▶ EXERCISE DATA:
◆ ◆ ◆ ◆ ◆ ◆ ◆

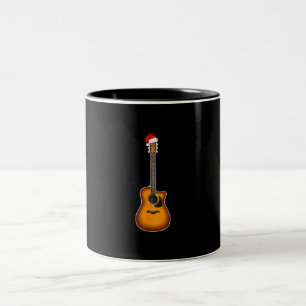Gitarre Weihnachtsmannmütze Weihnachten Pajama Dek Zweifarbige Tasse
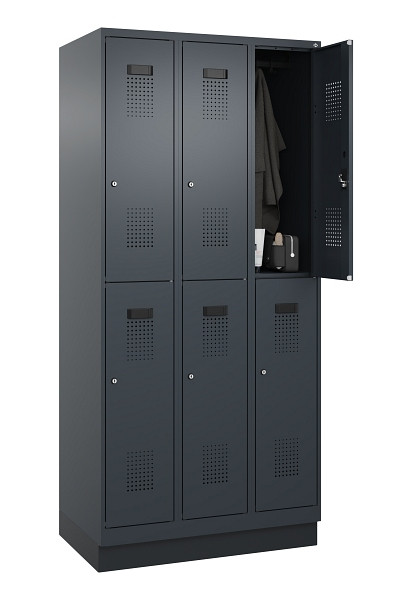 C+P Doppelstöckiger Spind Evolo PLUS, mit Sockel, 6 Fächer, 1950x900x500mm, 7016, Frontfarbe RAL 7016 Anthrazitgrau, Zylinderschloss, 049320-30 S10043
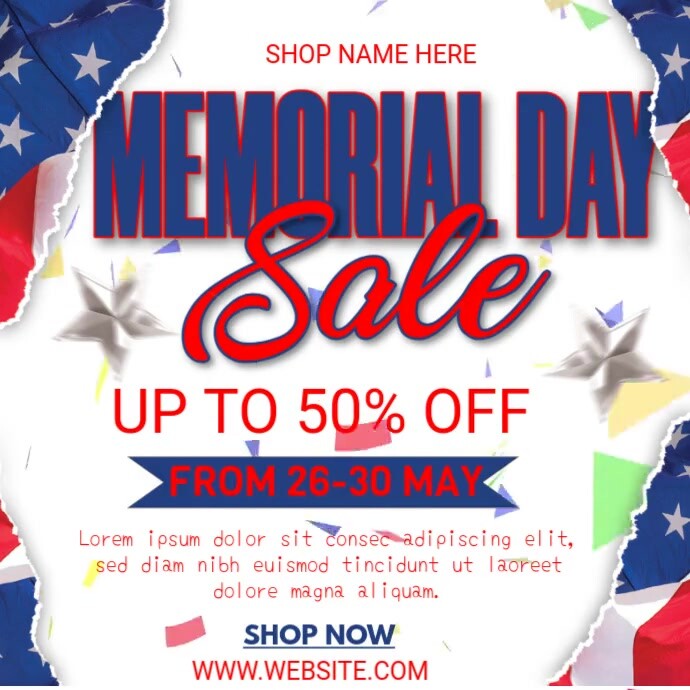 Modern & Minimal Memorial Day Square (1:1) template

◆ ◆ ◆ ◆ ◆ ◆ ◆

Every line of the listing should be copied precisely, with images omitted.

▶ ANSWER BOX:
Gitarre Weihnachtsmannmütze Weihnachten Pajama Dek Zweifarbige Tasse
 C+P Doppelstöckiger Spind Evolo PLUS, mit Sockel, 6 Fächer, 1950x900x500mm, 7016, Frontfarbe RAL 7016 Anthrazitgrau, Zylinderschloss, 049320-30 S10043
 Modern & Minimal Memorial Day Square (1:1) template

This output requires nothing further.